From the records below, print only the part that opens with the line containing "2203 42nd Street" and closes with the line containing "Panorama du col de montagne magique — Photo"; omit the pictures.

Material for the task:

>>>>

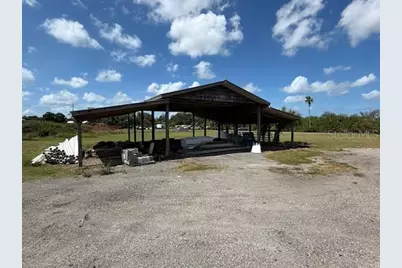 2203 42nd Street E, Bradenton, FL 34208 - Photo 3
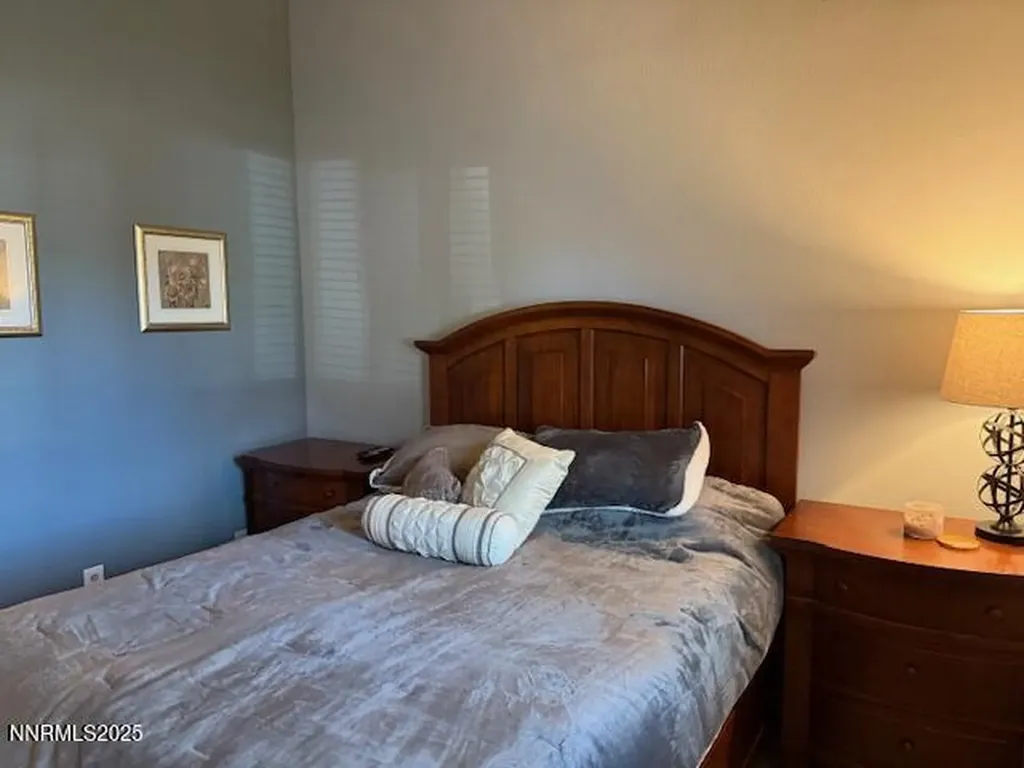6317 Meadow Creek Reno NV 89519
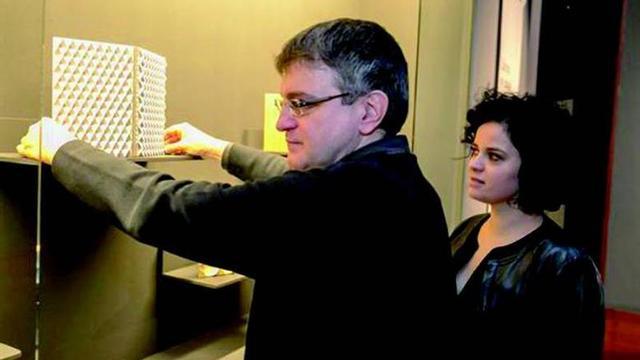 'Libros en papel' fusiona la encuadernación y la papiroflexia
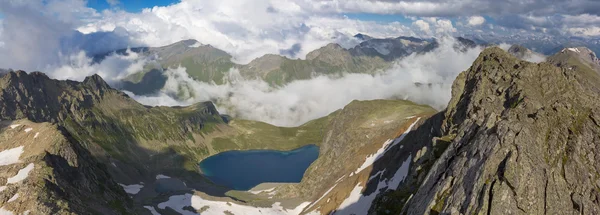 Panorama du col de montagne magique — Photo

<<<<
>>>>

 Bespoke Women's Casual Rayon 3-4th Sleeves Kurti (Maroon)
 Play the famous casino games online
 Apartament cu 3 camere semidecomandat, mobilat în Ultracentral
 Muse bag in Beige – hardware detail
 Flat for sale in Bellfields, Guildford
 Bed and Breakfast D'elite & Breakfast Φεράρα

<<<<
>>>>

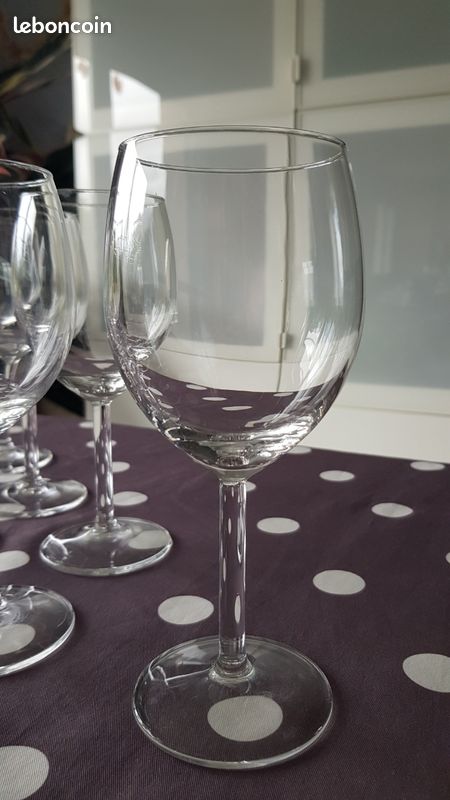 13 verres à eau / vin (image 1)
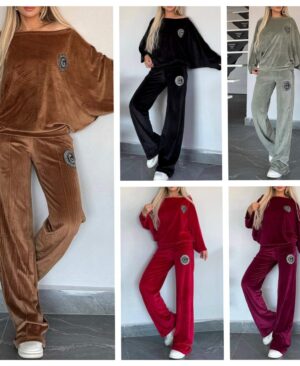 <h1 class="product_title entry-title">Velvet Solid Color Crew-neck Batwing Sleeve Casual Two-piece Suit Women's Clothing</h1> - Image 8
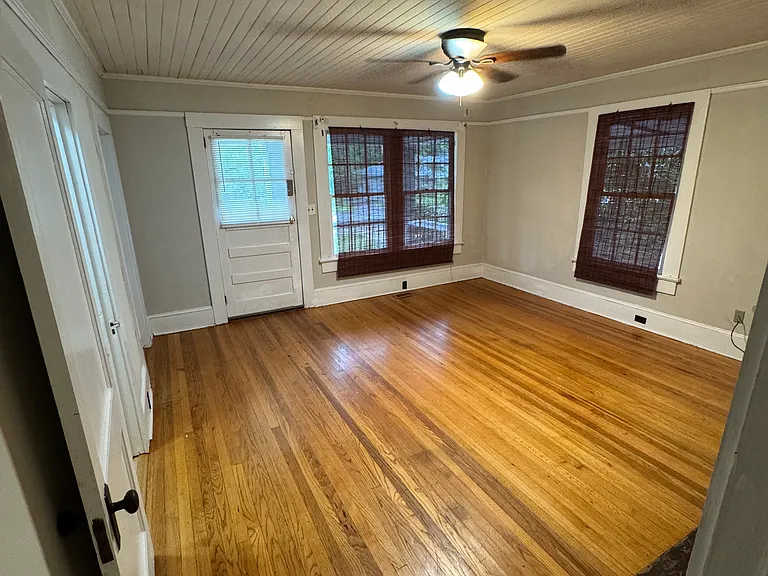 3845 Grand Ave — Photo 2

<<<<

Result of this task:
 2203 42nd Street E, Bradenton, FL 34208 - Photo 3
6317 Meadow Creek Reno NV 89519
 'Libros en papel' fusiona la encuadernación y la papiroflexia
 Panorama du col de montagne magique — Photo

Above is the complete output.